WHAT TO PRODUCE =>
Copy, exactly as written, the lines that begin at the one containing "Sunny young girl" and end at the one containing "2 Betten in". Skip any pictures in the data below.

=====

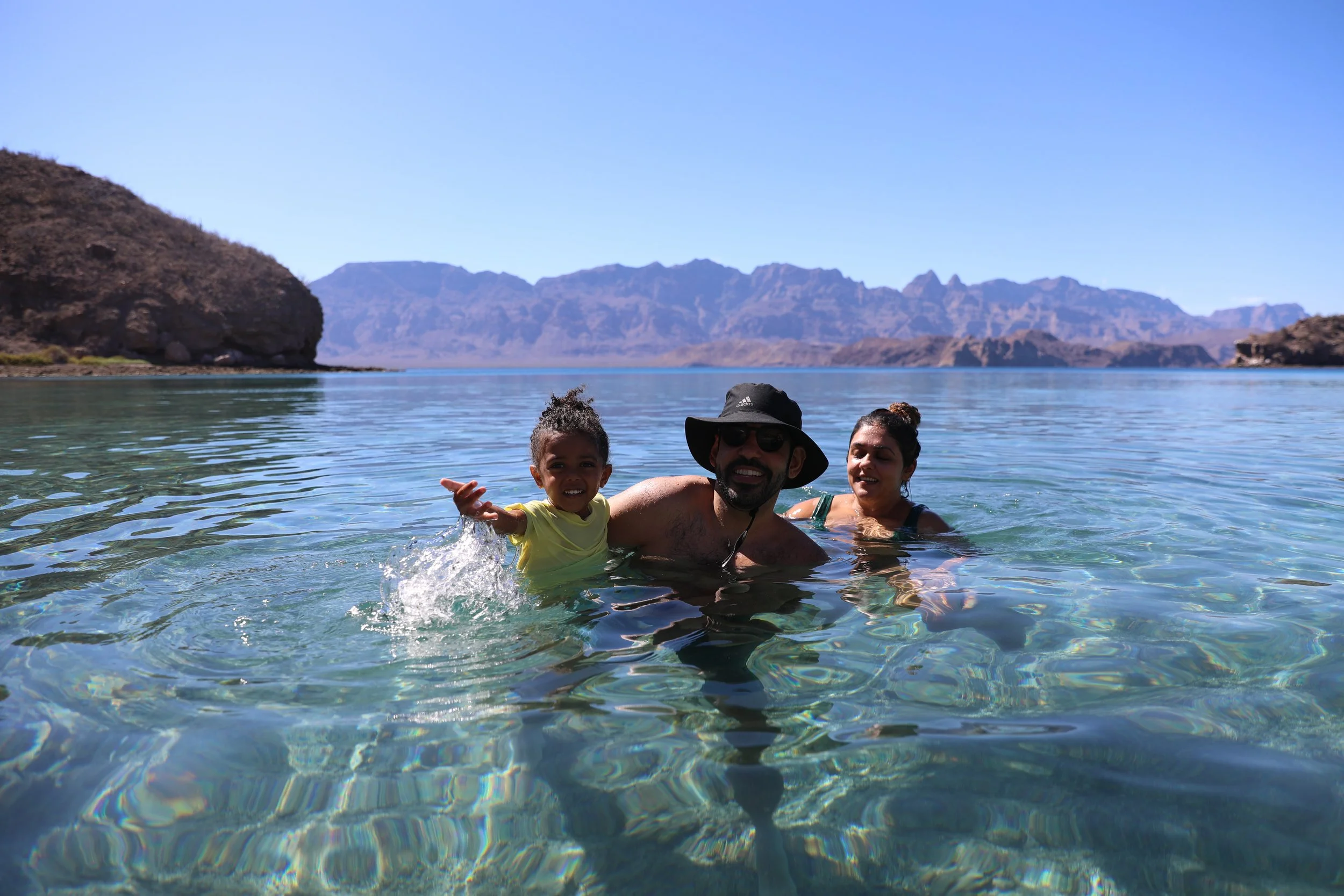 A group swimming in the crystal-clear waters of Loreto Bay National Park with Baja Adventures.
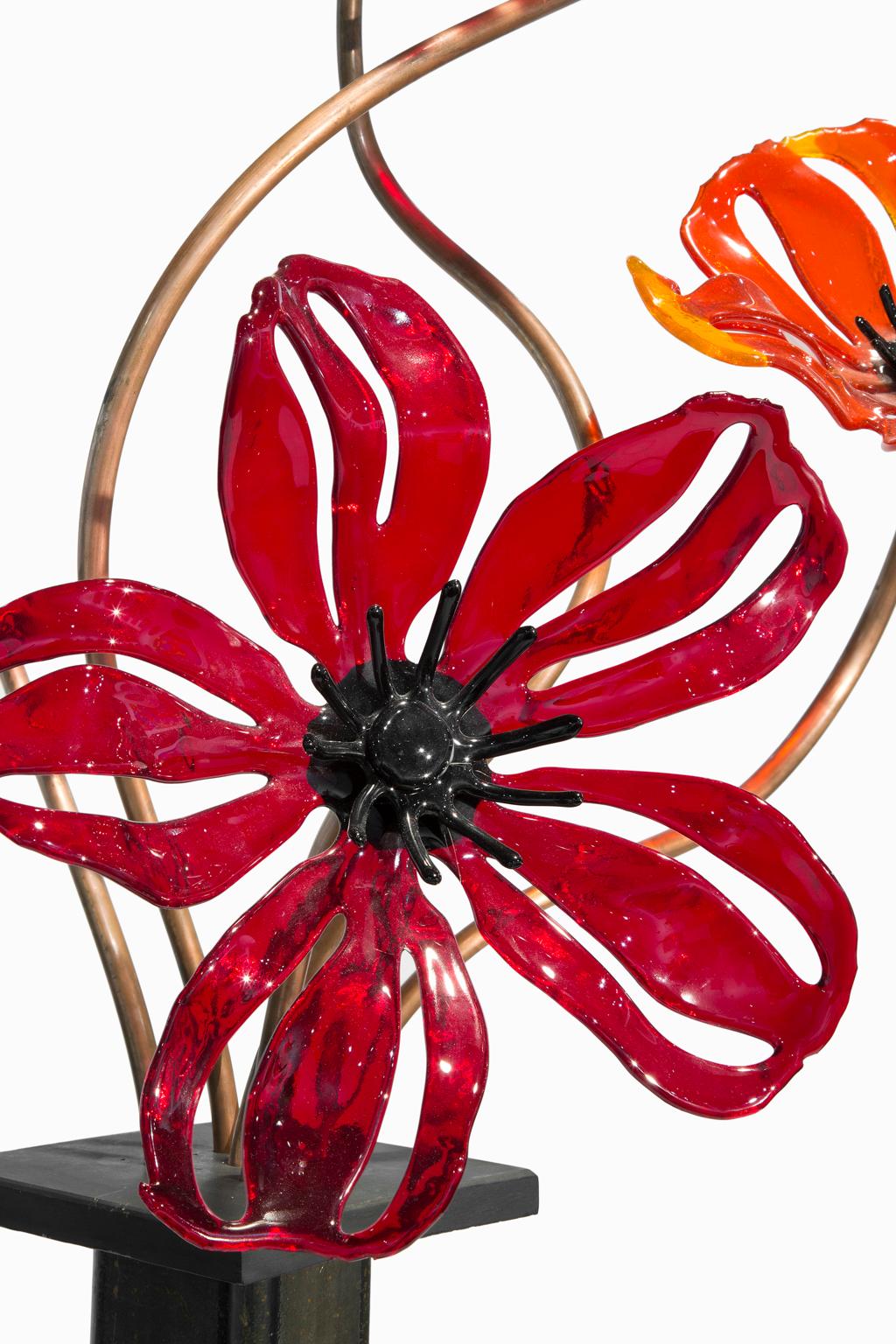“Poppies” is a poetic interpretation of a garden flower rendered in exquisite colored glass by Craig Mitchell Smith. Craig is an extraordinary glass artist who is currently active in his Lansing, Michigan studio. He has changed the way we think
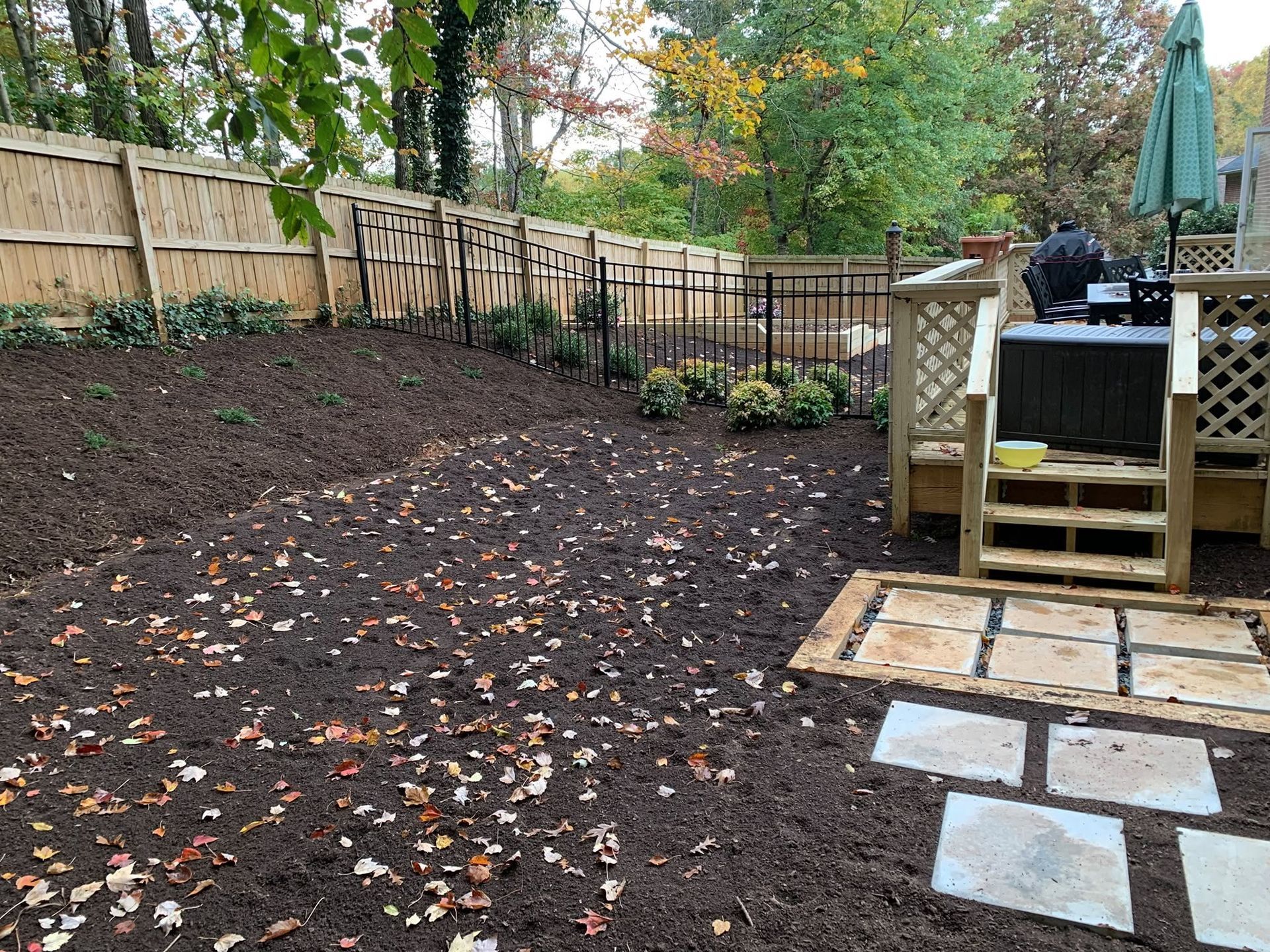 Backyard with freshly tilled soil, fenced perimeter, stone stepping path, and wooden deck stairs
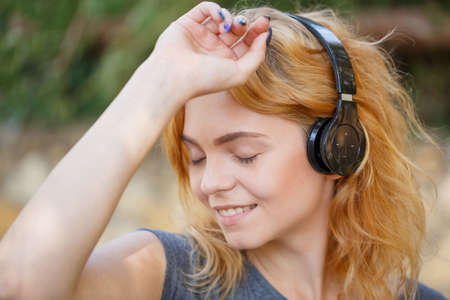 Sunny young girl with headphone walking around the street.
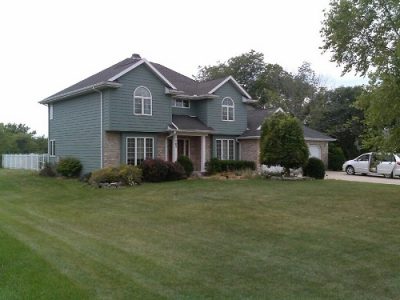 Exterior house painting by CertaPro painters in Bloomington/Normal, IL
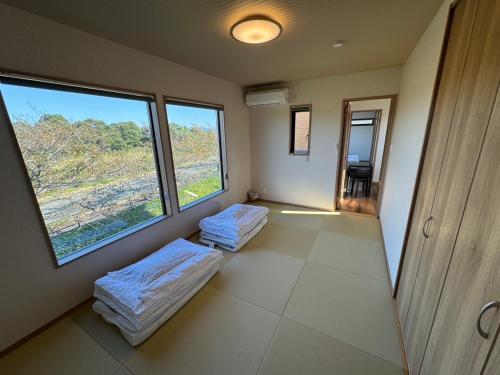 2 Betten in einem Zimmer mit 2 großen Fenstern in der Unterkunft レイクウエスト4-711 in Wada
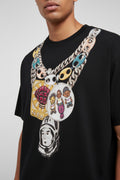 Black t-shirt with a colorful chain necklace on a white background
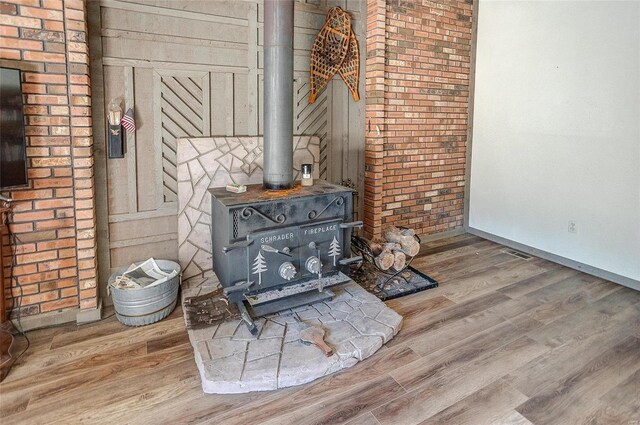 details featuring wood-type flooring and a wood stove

=====

TASK RESULT =>
 Sunny young girl with headphone walking around the street.
 Exterior house painting by CertaPro painters in Bloomington/Normal, IL
 2 Betten in einem Zimmer mit 2 großen Fenstern in der Unterkunft レイクウエスト4-711 in Wada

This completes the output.